Il Palazzo Patriarcale con il Museo Diocesano e le Gallerie del Tiepolo, il Duomo, l’Oratorio della Purità e i Civici Musei con le Gallerie d’Arte Antica, costituiscono un unicum incomparabile per la maestosità delle opere realizzate dal maestro.
Il giovane pittore arriva a Udine nel 1726, chiamato dal committente Dionisio Dolfin, Patriarca di Aquileia che, a coronamento della complessa riqualificazione architettonica dell’antico Palazzo dei Patriarchi, gli commissiona la decorazione interna. Oggi, questo scrigno di tesori vanta una collezione di ben settecento opere dell’artista.


Giambattista Tiepolo, Caduta degli angeli ribelli, 1726, Scalone centrale, Palazzo dei Patriarchi, Udine

Primo affresco udinese di Tiepolo, la “Caduta degli Angeli ribelli” (1726), situato a coronamento dello scalone centrale del palazzo. Tiepolo opera in completa autonomia e libertà di linguaggio e valorizza l’altezza della struttura in un ardito gioco prospettico di luce.
Nella scena, racchiusa entro una ricca cornice in stucco, realizzata della bottega del lombardo Giovanni Maria Andreoli, San Michele Arcangelo emerge da nubi rosee mentre, brandita la spada, allontana dal Paradiso gli Angeli ribelli (Il giovane Tiepolo e il Patriarca di Udine). 

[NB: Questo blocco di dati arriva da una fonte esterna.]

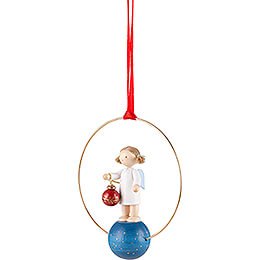 Tree Ornament - Angel with Tree Ball - 7 cm / 2.8 inch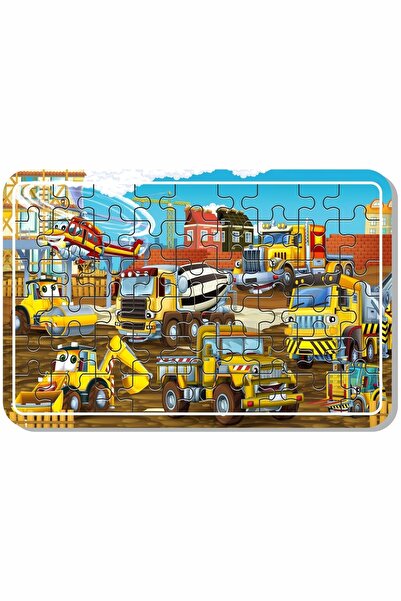 LİPYOS Iş Makinaları 54 Parça Ahşap Puzzle Oyuncak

Tre corpi aggrovigliati ai serpenti, precipitano in basso verso Lucifero che, con il braccio sinistro realizzato in stucco dipinto, spezza la cornice ed accentua l’illusione prospettica della caduta 

L’impasto cromatico è denso, tenuto su toni bruno rossastri. Solo l’Arcangelo Michele si libra in un cielo pastello e trasparente.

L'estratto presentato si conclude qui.